The future prospects of both solutions are relatively good, because each caters to specific requirements in rather different areas. Still, it seems likely that the public key model (or PKI) has the clear edge as far as utility in p2p solutions is concerned and a probable edge for use on the Internet in general.
We might expect the central authority model to be the system of choice for central authority (for example, government), and thus be a key feature of any use of p2p in the political applications discussed next. But one can also image a scenario where a CA certificate mainly attests citizen authenticity of a PKI certificate.
Peer-to-Peer Politics
Speaking of politics, the effects of peer systems on democracy are also worth noting. After all, much of politics is about both reputation and trust, or their relative negative qualities when things come to mud raking and slinging.
The whole question of voting systems is not discussed elsewhere in the book, but it’s rather interesting and ties in with the previous issues of secure identification, possibly authenticated but anonymous, of the citizen. Erik Möller and others have speculated in this area, and some main points are summarized here.

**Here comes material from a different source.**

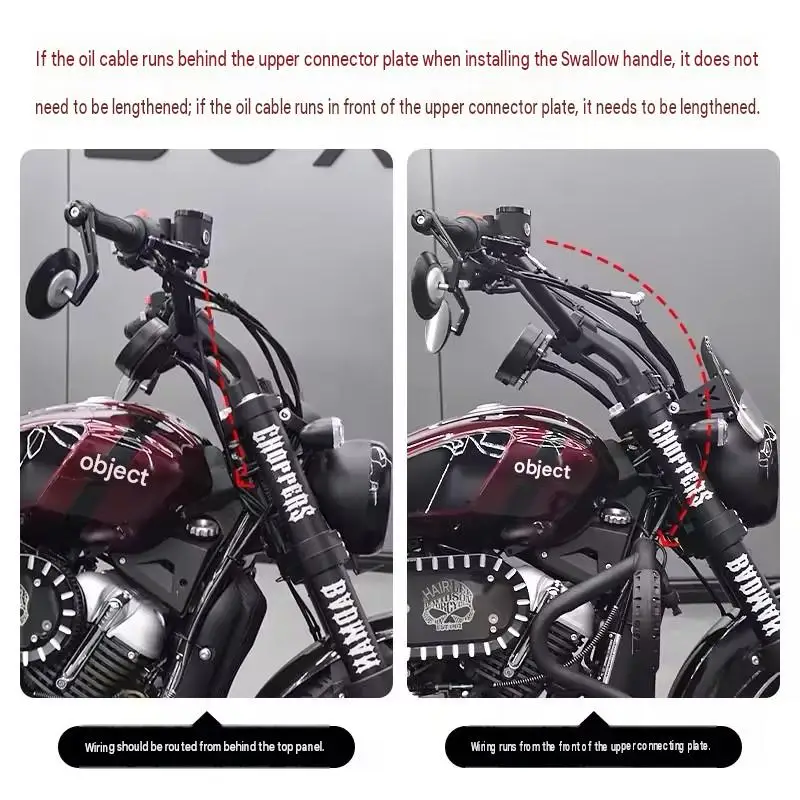 Motorcycle Handle Bar Riser Spacer For Benda Chinchilla 350 Aluminum Heighten Rear Mount Adapter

Can voting systems be combined with collaborative content creation and recommendation systems in such a way that “direct democracy” becomes feasible? Perhaps. Voting in such contexts becomes an active process of collaboration on concepts. Consider an interface that would show you all arguments from the pro-side, all those from the contra-side, consideration annotations by experts, moderated debates, and a (at least somewhat) editable collaborative (perhaps Wiki-style) discussion forum. Citizens could then decide whether to accept or reject a certain political proposal within a fairly asynchronous framework, until some predetermined threshold majority is reached one way or the other.
The binary yes/no vote is not the only option; what about “More information, please”, “Don’t care”, or some other fine-grained expression from the constituency? After a political action has been agreed on, it could then be implemented or lobbied for using micropayment systems. Democracy could eventually become a massive collaborative exercise, run on decentralized p2p networks, with trusted meta-peers that collect votes.
Much could be done here. So far, we’ve seen mainly government administration trying to Web-disseminate information and forms to the general population (server to clients) and also provide access to centralized public archives. Some cases of information collection, such as taxes and the governmental equivalent of customer care services are in experimental deployment, and might benefit from deployed aspects of p2p infrastructure in the general Internet. However, voting and peer discussion applications would be a first major step into the p2p arena.
As noted earlier, this kind of massive change might come naturally when the p2p-friendly next-generation Internet infrastructure begins to dominate public usage and the services that can then easily be set up and integrated with it.